Decomposition-Concentration Branch Is Demoted Before Subtree-Union Theorem¶

Claim/Theorem¶

Keep the notation of [[dense-tangle-breadth-is-the-canonical-remaining-intrinsic-target.md]], [[dense-large-rank-lean-bag-yields-dense-tangle-breadth.md]], [[lean-linked-decomposition-route-stops-before-dense-bag-rank-concentration.md]], [[every-matroid-admits-optimal-lean-tree-decomposition.md]], [[linked-branch-decomposition-exists-at-optimal-width.md]], and [[lean-matroid-bag-gives-rank-connected-set.md]].

The final still-plausible decomposition-concentration variant on the current graph was:

replace one dense bag by a bounded connected cluster of adjacent bags in an optimal lean or linked decomposition, and prove that this cluster can be merged source-faithfully into a dense linear k-connected set in the original matroid.

The current sourced package still does not imply any theorem of the following kind for the target original qubit parity-check matroids M_n on qubit sets Q_n:

\[ H_{\mathrm{cluster}}^{\beta}: \quad \text{there exists a bounded connected subtree } S_n \]

of an optimal lean or linked decomposition such that some source-faithful merger of

\[ U_n:=\tau_n^{-1}(V(S_n)) \]

produces a set Z_n\subseteq E(M_n) with

\[ \lambda_{M_n}(A)\ge \min\{|A\cap Z_n|,\ |Z_n-A|,\ k_n-1\} \]

for all A\subseteq E(M_n), where

\[ |Z_n|>(1-\beta)|Q_n|+k_n-2 \]

and, if needed,

\[ |Z_n|\ge 3k_n-5. \]

Equivalently, no currently sourced theorem converts a bounded connected cluster of adjacent bags into the kind of dense linear k_n-connected set that would close the canonical dense-tangle-breadth route.

The obstruction is exact.

Erde's lean theorem is bag-local or path-local, not subtree-union local.

On the graph side, Erde recalls Thomas' lean condition:
- for t=t', the bags are controlled by their external connectivity;
- for t\ne t', one controls linkage between two chosen sets Z_1\subseteq V_t and Z_2\subseteq V_{t'} unless there is a small separator on the path tTt'.
This is exactly the source of [[lean-matroid-bag-gives-rank-connected-set.md]] when one specializes to the same bag.
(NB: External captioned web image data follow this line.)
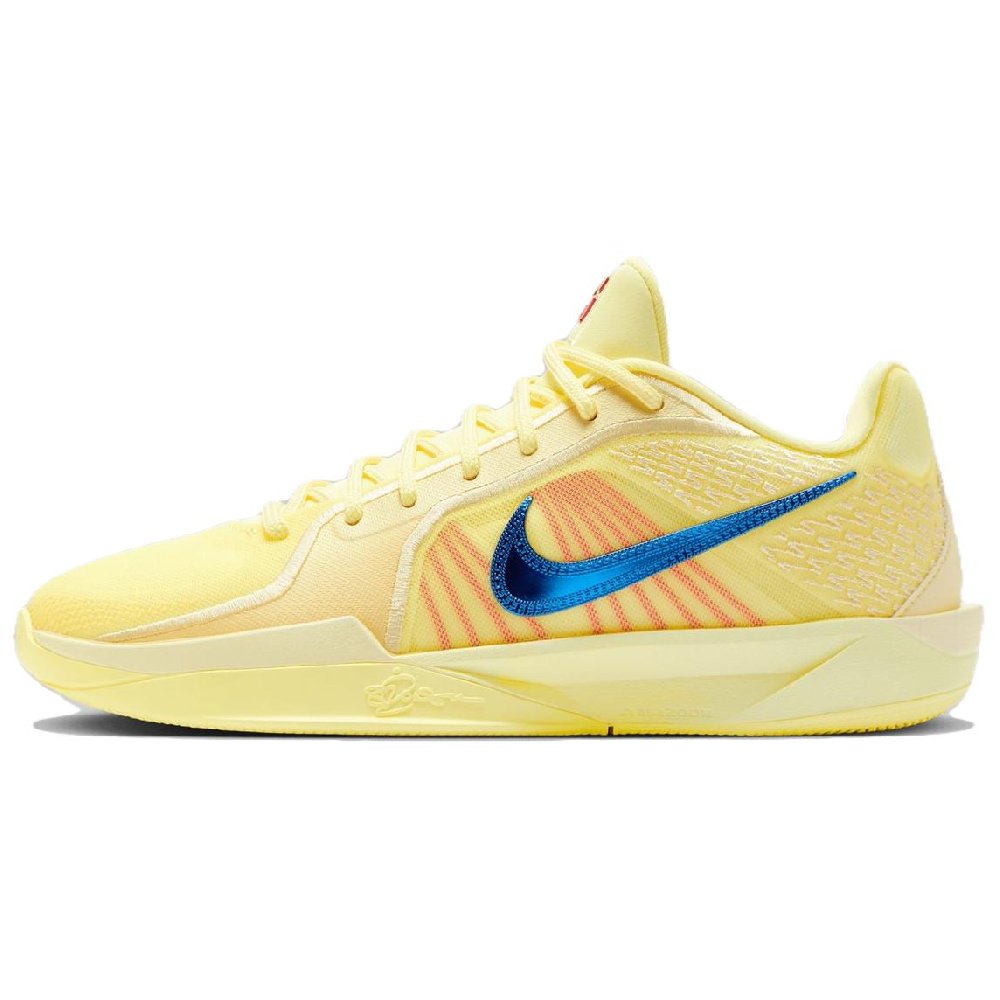 Nike Sabrina 2 EP 'Trust Your Game' Women's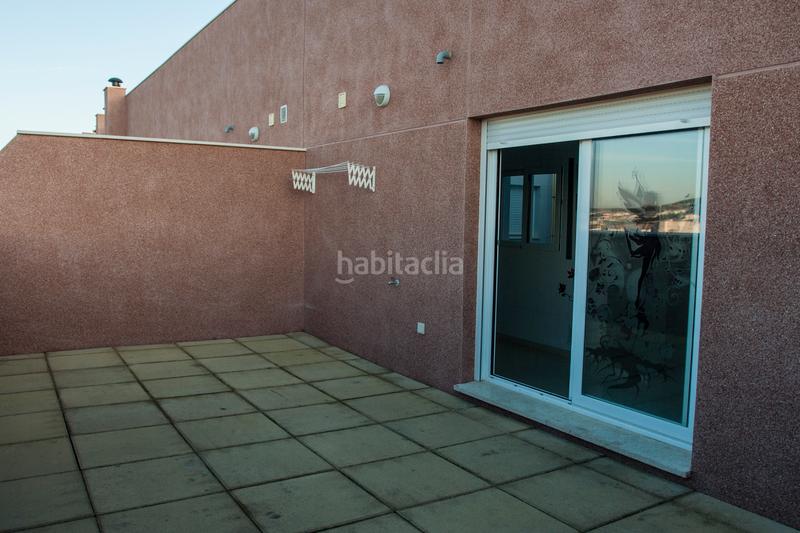 Foto 04561207-263a-4c56-a3ad-99df56150515. Dachwohnung mit parking in El Valle Lucena
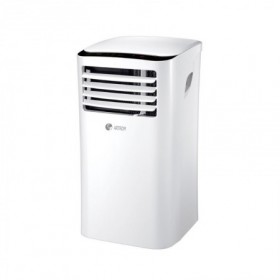Comprar Aire Acondicionado Portatil 2500F Aph9  Smeco 140705 al Mejor Precio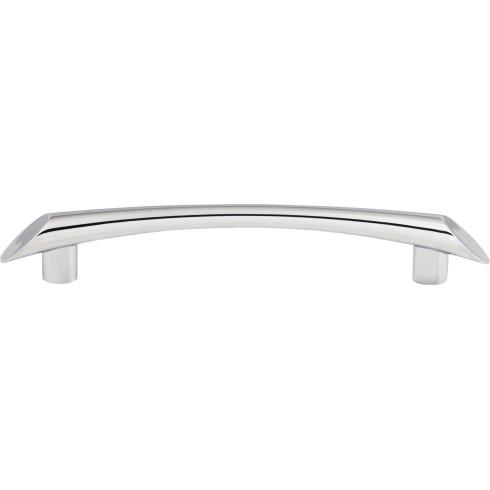 Top Knobs Edgewater Pull 5 1/16 Inch (c-c) by Top Knobs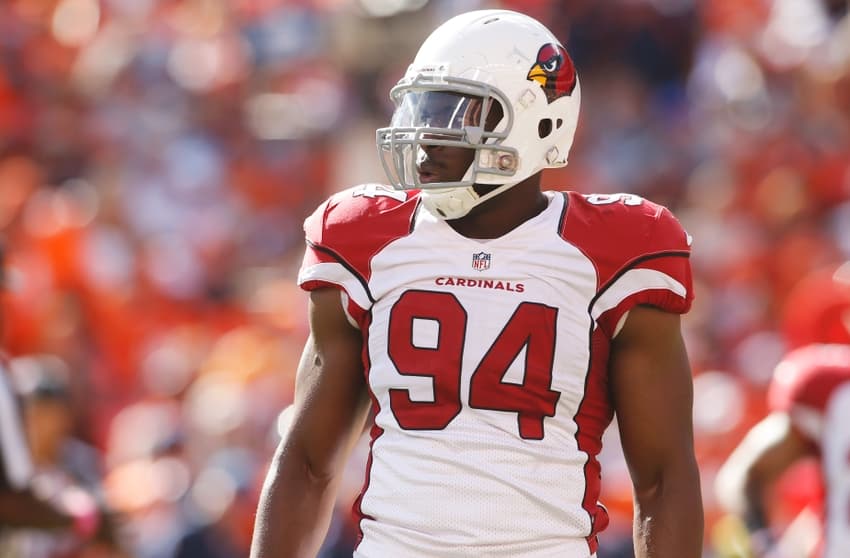 Sam Acho profile image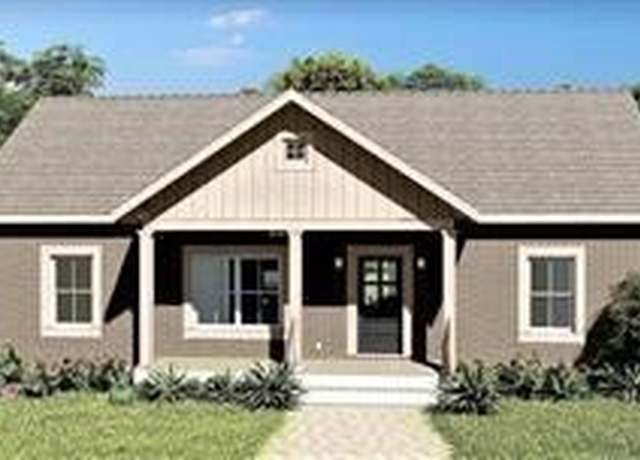 Property at 122 Knoll Dr, North Beaver Twp, PA 16102, 3 beds, 2 baths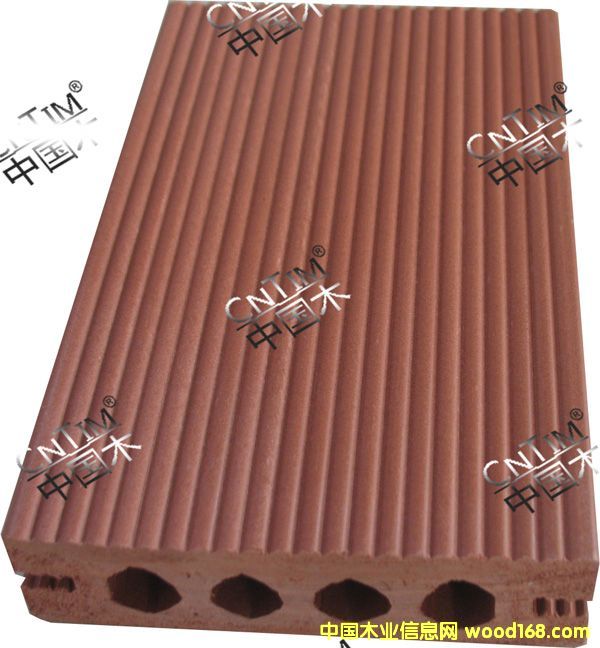 ���B(t��i)ľ90��(h��)��ذ�  18763771880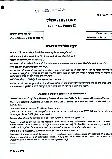 UPSC Civil Services Main 2016 History Paper II question paper page 1 instructions scan PDF download. Includes exam details and specific instructions for candidates.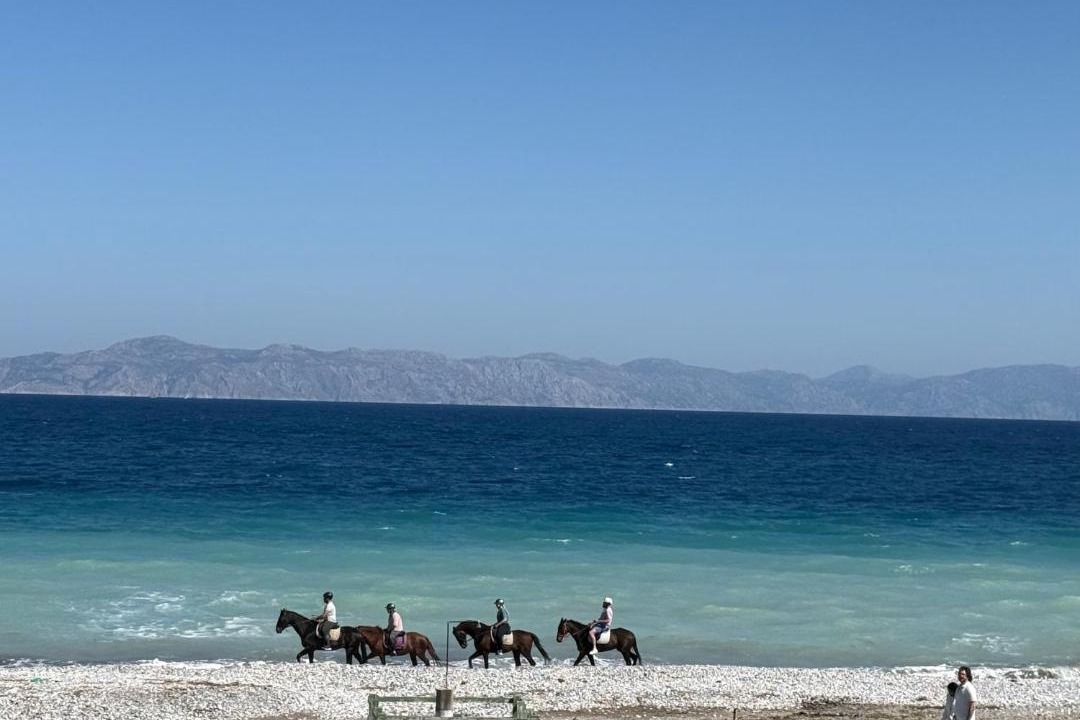 Photo of Others in Ialyssos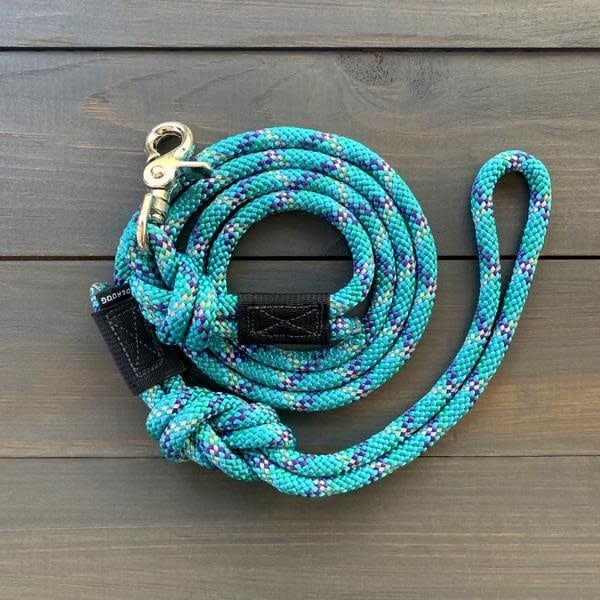 Reflective Dog Leash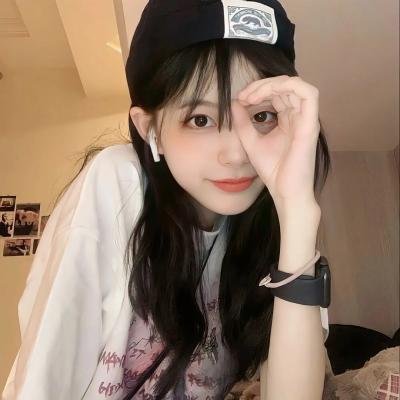 之后2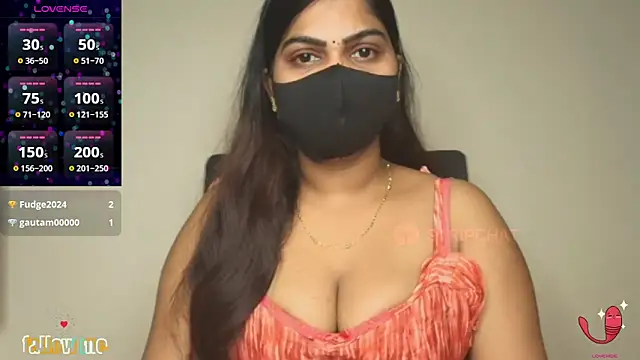 sameeksha 9 online show from March 15, 12:56 pm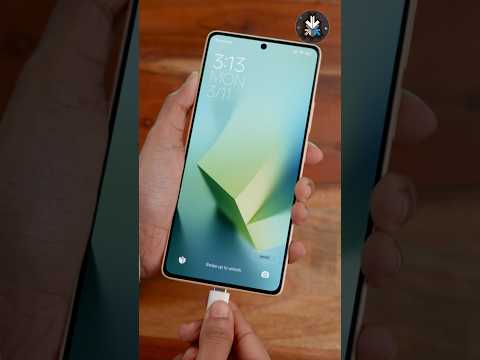 شاهد الفيديو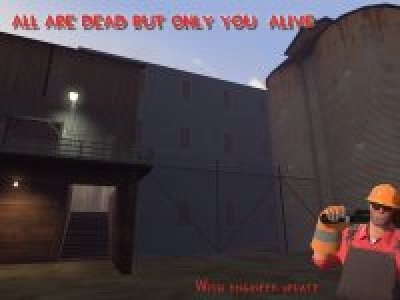 Dead_way_Update_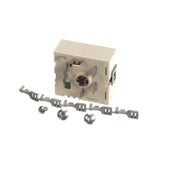 Garland CKG03185-1 Infinite Switch 120 Volt Kit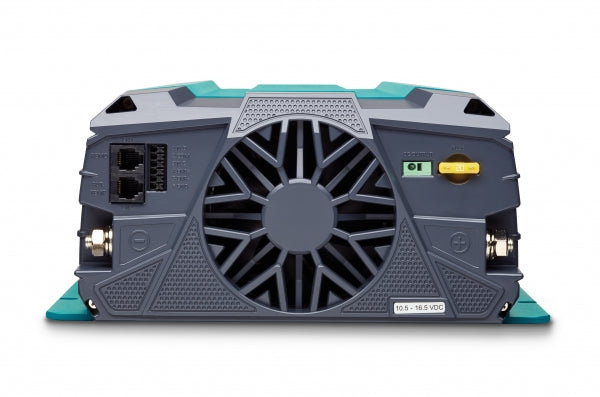 MasterVolt PowerCombi 12/1200-50 | 36211200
But no theorem in the sourced package upgrades these statements to a connectivity inequality for the union of all bags in a connected subtree, or for any basis of that union.
Hlineny--Whittle node-width does not localize to unions of adjacent bags.

The node-width of a matroid tree-decomposition is

\[ w(t)=\sum_{i=1}^d r_M(E-F_i)-(d-1)r(M), \]

equivalently rank minus a sum of branch rank defects.

This quantity is attached to one node and its complementary branches. It does not provide a sourced lower bound on the rank of

\[ \tau^{-1}(V(S)) \]

for a connected subtree S, nor any merger law turning several adjacent bags into one internally connected set.
Linked branch decompositions remain edge-path objects.

Geelen--Gerards--Whittle's linked branch decomposition theorem controls minimum edge width along a path between two displayed edges. It does not define bags, and no currently sourced theorem converts linked displayed cuts along a bounded connected tree region into a dense connected set on the underlying elements.

Therefore the exact remaining decomposition-theoretic theorem would have to be genuinely new:

a source-faithful subtree-union theorem that converts bounded connected regions of an optimal lean or linked decomposition into dense original-matroid connected mass.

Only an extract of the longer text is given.